>>>>>

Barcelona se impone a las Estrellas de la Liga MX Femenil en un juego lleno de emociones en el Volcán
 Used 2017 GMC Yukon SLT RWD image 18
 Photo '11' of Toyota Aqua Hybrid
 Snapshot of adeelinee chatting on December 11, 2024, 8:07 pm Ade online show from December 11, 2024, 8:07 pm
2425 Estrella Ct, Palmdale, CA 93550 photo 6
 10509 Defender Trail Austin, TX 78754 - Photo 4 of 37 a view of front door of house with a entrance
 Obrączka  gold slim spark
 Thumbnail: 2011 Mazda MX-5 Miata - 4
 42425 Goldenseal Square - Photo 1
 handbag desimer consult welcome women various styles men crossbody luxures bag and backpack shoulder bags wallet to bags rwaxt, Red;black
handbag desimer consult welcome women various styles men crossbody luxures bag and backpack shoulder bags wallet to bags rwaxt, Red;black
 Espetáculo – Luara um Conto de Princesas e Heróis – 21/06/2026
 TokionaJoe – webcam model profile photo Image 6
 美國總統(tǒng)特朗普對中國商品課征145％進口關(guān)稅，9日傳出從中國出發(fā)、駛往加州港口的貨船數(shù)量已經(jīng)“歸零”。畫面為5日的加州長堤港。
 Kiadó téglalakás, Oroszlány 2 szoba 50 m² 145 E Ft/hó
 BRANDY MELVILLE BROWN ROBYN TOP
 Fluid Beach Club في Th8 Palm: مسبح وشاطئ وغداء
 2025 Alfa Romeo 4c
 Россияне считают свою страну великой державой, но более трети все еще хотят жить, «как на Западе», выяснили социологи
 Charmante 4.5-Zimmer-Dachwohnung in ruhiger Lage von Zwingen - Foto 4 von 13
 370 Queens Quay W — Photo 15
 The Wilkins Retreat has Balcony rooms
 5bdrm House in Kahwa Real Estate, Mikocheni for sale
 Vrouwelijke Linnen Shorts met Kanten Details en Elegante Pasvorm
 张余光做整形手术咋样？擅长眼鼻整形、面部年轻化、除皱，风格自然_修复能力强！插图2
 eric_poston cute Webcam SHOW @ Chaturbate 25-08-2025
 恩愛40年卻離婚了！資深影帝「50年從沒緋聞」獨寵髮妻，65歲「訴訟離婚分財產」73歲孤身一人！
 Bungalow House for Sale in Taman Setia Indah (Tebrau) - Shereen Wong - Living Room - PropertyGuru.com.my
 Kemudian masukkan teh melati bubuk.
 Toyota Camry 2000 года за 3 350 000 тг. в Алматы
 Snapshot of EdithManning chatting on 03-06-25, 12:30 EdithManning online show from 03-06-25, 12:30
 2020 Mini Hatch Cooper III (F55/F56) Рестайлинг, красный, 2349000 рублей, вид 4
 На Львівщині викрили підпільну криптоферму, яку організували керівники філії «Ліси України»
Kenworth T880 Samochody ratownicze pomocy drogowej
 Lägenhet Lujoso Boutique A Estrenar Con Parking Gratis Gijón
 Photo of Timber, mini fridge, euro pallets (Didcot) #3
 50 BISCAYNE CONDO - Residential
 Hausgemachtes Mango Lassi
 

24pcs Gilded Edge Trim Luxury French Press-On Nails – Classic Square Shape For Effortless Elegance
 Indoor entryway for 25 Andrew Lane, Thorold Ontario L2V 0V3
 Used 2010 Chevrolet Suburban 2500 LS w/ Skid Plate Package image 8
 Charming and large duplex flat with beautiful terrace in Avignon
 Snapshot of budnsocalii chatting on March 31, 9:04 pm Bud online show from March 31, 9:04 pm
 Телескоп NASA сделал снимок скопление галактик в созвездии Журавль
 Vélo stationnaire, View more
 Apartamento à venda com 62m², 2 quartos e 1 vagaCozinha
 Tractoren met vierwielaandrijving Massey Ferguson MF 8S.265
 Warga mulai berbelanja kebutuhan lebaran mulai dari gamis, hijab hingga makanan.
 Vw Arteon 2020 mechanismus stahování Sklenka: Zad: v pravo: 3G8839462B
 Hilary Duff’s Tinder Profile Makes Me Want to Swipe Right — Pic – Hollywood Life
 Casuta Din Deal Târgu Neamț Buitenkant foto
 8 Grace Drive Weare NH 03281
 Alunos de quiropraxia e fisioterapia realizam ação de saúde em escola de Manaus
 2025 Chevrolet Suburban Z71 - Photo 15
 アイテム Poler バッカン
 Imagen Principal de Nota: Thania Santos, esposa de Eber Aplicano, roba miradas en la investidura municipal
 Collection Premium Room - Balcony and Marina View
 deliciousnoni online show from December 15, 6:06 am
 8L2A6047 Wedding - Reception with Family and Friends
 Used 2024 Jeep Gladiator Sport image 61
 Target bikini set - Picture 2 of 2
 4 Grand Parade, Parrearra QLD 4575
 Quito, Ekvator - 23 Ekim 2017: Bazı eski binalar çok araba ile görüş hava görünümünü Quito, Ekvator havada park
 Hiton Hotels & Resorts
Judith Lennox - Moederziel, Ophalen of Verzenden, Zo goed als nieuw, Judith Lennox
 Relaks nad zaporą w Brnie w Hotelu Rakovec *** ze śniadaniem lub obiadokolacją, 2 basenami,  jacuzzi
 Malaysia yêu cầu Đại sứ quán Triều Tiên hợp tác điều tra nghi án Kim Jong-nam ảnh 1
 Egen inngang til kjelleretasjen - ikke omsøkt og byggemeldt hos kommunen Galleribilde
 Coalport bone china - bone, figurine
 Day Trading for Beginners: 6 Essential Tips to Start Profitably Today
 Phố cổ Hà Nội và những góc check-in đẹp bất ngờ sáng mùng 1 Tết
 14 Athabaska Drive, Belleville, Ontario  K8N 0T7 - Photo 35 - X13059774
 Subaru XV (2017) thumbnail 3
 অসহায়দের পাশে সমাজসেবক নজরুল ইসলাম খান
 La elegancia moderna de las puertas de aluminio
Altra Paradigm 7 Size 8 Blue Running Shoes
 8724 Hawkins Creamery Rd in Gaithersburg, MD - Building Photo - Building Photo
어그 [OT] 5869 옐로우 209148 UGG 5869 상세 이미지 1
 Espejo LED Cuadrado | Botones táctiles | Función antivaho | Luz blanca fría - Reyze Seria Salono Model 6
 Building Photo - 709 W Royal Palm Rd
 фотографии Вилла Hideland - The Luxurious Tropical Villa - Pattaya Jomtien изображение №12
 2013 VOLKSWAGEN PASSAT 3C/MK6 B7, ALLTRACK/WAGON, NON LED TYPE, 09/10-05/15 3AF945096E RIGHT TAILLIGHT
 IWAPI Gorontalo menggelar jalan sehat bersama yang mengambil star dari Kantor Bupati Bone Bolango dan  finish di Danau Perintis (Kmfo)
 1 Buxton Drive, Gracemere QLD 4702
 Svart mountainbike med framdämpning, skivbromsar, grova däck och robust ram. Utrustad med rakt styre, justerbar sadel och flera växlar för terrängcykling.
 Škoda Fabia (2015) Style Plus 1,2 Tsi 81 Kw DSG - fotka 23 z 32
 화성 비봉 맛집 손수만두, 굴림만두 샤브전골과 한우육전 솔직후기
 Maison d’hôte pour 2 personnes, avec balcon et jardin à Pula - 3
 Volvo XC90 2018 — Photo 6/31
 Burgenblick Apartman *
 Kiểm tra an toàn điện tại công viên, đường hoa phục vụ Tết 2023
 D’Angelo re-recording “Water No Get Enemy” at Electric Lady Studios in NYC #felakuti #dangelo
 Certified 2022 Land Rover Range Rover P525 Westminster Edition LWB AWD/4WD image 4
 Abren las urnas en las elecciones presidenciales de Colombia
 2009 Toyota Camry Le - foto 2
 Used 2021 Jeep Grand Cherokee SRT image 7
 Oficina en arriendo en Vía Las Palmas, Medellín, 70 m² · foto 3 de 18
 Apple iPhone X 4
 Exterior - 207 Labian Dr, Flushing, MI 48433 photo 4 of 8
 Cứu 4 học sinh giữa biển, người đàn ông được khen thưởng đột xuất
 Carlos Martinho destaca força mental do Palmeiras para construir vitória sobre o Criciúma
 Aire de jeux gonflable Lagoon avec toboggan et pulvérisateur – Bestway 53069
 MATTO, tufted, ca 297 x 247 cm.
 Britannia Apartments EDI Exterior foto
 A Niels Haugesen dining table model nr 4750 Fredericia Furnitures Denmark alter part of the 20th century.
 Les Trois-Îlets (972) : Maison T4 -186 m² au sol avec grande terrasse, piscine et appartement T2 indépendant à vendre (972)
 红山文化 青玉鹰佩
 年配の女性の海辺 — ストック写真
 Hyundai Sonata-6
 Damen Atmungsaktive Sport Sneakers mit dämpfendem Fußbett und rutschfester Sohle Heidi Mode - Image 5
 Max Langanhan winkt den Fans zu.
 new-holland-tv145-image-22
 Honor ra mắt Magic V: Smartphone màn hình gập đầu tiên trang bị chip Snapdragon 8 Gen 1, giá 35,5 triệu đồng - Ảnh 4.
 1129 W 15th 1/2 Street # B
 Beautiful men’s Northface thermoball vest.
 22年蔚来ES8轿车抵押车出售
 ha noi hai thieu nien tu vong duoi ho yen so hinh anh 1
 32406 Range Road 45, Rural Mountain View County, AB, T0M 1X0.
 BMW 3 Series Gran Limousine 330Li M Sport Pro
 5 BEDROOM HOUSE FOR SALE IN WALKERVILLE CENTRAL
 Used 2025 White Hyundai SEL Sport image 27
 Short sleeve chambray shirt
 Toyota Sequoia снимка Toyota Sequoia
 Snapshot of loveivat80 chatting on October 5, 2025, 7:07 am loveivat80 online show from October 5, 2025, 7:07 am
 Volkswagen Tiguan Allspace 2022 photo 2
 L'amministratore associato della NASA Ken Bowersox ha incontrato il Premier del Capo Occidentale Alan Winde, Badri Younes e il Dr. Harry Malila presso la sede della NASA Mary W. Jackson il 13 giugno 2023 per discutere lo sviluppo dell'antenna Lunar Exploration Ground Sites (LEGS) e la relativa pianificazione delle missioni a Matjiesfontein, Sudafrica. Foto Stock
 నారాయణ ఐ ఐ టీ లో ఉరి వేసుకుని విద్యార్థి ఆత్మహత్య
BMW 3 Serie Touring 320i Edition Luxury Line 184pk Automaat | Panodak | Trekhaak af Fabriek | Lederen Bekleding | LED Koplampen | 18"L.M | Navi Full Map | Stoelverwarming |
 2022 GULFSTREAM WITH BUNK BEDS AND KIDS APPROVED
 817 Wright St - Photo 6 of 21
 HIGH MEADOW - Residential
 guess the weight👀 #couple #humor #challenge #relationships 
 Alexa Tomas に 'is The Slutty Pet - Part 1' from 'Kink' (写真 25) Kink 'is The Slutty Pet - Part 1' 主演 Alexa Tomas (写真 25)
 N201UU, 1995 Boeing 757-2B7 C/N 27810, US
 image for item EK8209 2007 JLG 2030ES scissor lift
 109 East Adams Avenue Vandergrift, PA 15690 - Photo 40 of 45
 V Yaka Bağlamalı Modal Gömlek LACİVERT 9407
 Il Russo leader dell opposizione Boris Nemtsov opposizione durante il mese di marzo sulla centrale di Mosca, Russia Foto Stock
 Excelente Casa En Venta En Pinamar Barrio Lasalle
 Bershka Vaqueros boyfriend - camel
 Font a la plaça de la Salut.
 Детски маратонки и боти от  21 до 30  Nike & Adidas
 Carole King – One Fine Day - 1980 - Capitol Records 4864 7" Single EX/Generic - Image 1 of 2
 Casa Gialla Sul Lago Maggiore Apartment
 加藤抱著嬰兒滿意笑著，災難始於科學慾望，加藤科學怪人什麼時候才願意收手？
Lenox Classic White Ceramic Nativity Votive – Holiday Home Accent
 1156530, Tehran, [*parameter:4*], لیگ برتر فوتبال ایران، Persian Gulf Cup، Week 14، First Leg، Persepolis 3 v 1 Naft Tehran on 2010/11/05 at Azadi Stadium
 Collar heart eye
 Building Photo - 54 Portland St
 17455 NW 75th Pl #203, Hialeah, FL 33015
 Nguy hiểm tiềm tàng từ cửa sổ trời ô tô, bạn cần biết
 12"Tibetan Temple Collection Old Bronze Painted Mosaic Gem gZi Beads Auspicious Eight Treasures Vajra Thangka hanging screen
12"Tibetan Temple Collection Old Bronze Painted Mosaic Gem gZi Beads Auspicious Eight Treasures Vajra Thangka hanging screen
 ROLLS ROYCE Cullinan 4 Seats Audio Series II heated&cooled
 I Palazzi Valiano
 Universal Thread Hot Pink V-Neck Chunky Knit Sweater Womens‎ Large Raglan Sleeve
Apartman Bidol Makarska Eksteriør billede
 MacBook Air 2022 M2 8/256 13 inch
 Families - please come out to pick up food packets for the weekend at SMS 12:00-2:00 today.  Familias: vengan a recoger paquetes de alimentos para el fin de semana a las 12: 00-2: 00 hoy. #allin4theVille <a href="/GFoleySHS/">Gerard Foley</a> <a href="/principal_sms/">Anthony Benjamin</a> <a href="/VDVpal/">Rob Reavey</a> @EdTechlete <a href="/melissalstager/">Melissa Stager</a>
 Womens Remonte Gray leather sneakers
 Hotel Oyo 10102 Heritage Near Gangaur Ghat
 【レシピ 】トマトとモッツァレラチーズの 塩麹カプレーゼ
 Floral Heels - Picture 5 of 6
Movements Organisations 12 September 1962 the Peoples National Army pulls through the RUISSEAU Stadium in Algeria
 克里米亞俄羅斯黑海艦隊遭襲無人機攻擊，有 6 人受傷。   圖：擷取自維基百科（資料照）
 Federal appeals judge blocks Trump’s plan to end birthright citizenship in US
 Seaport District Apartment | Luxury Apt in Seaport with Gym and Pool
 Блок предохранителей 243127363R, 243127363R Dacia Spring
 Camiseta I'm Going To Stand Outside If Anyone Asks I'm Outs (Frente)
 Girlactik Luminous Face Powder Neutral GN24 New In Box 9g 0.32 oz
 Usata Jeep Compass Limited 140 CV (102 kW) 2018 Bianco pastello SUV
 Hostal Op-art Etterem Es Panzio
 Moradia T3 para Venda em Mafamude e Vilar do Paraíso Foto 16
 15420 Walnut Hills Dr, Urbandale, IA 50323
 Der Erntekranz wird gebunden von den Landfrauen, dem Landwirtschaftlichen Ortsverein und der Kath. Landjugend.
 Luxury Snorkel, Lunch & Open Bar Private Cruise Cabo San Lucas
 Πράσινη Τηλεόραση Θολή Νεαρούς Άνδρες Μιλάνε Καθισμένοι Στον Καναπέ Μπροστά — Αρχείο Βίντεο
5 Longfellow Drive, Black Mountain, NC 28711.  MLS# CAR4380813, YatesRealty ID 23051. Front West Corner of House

<<<<<

### WHAT TO DO
From the records above, reproduce exactly the lines from the one with "Toyota Sequoia снимка Toyota Sequoia" to the one with "guess the weight👀", both included, and no others.

### RESULT FOR THIS EXERCISE
 Toyota Sequoia снимка Toyota Sequoia
 Snapshot of loveivat80 chatting on October 5, 2025, 7:07 am loveivat80 online show from October 5, 2025, 7:07 am
 Volkswagen Tiguan Allspace 2022 photo 2
 L'amministratore associato della NASA Ken Bowersox ha incontrato il Premier del Capo Occidentale Alan Winde, Badri Younes e il Dr. Harry Malila presso la sede della NASA Mary W. Jackson il 13 giugno 2023 per discutere lo sviluppo dell'antenna Lunar Exploration Ground Sites (LEGS) e la relativa pianificazione delle missioni a Matjiesfontein, Sudafrica. Foto Stock
 నారాయణ ఐ ఐ టీ లో ఉరి వేసుకుని విద్యార్థి ఆత్మహత్య
BMW 3 Serie Touring 320i Edition Luxury Line 184pk Automaat | Panodak | Trekhaak af Fabriek | Lederen Bekleding | LED Koplampen | 18"L.M | Navi Full Map | Stoelverwarming |
 2022 GULFSTREAM WITH BUNK BEDS AND KIDS APPROVED
 817 Wright St - Photo 6 of 21
 HIGH MEADOW - Residential
 guess the weight👀 #couple #humor #challenge #relationships 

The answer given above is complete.